Input:

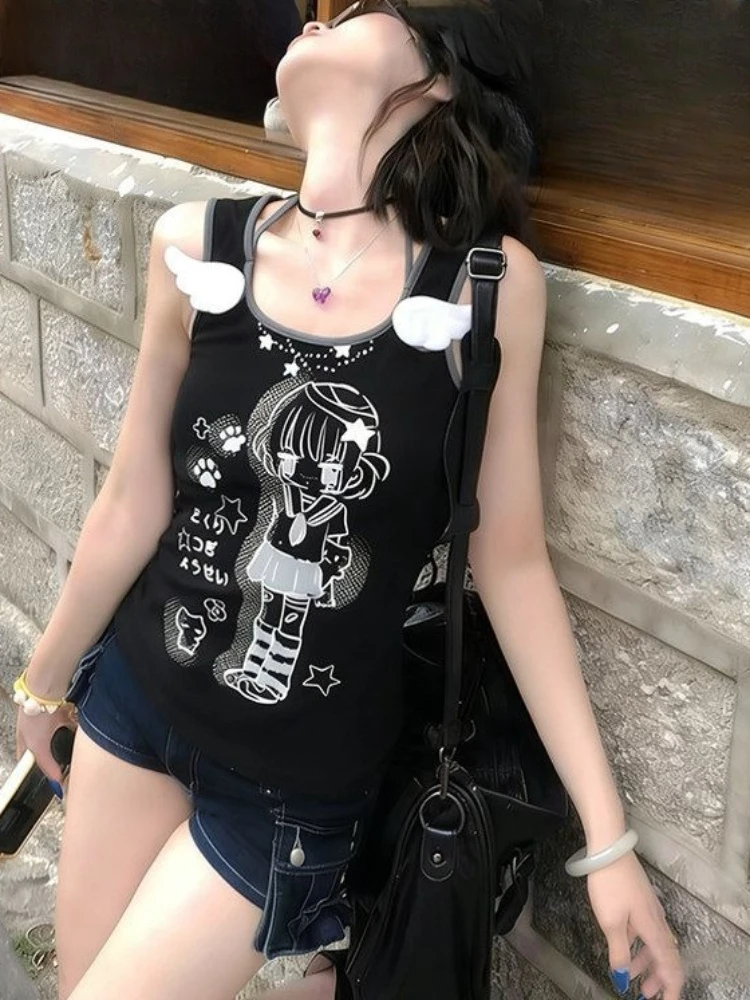 Japanese Cartoon Printing Wing Cute Women Tank Top Fake Two Pieces Grunge Casual Vest Vintage Harajuku Slim Fit Camisoles Summer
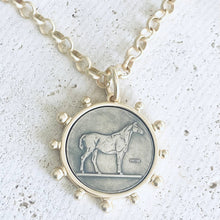 Load image into Gallery viewer, VB&amp;C Matte Gold Horse Coin Necklace
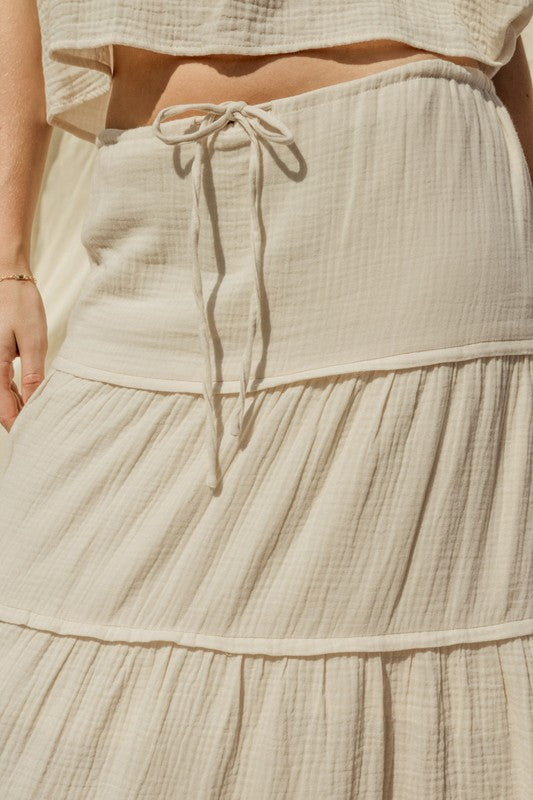 Flowy Tiered Cotton Maxi Skirt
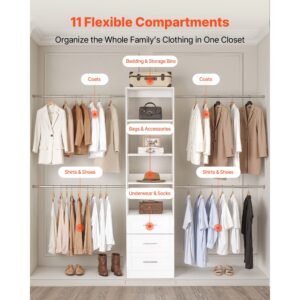 closet system with 3 drawers, adjustable height wooden closet organizers, modern walk in wardrobe organization with 4 retractable clothes hanger rods, freestanding garment rack storage, white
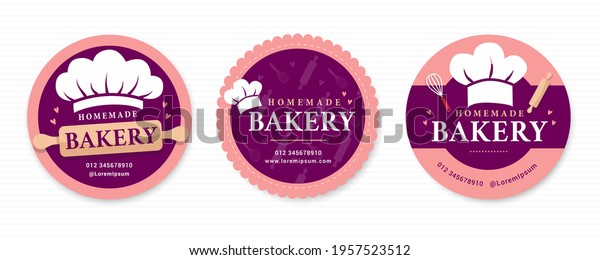 Cute Set Homemade Bakery
Logo in Purple and Salmon Pink. Ideal for sticker, badge, or
hanging tag.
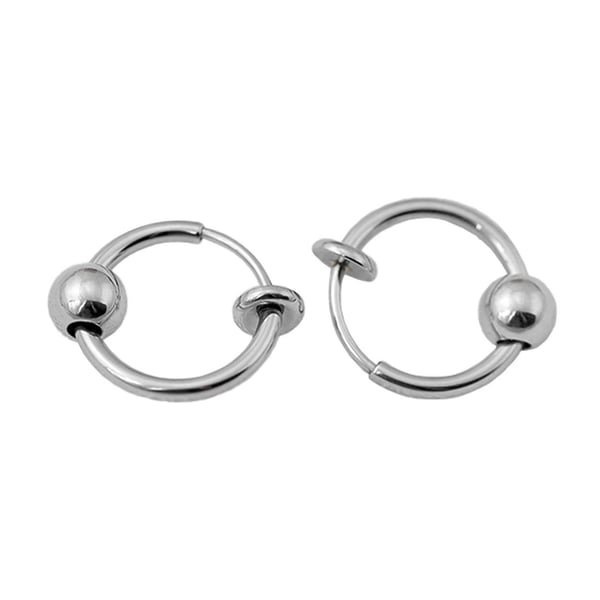 2-pack Stål Clip-on Näsring Fake Piercing Näsa Septum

What you should do: In the copy, include every record exactly and no pictures at all.

Final answer:
 Japanese Cartoon Printing Wing Cute Women Tank Top Fake Two Pieces Grunge Casual Vest Vintage Harajuku Slim Fit Camisoles Summer
 Load image into Gallery viewer, VB&amp;C Matte Gold Horse Coin Necklace
 Flowy Tiered Cotton Maxi Skirt
 closet system with 3 drawers, adjustable height wooden closet organizers, modern walk in wardrobe organization with 4 retractable clothes hanger rods, freestanding garment rack storage, white
 Cute Set Homemade Bakery
Logo in Purple and Salmon Pink. Ideal for sticker, badge, or
hanging tag.
 2-pack Stål Clip-on Näsring Fake Piercing Näsa Septum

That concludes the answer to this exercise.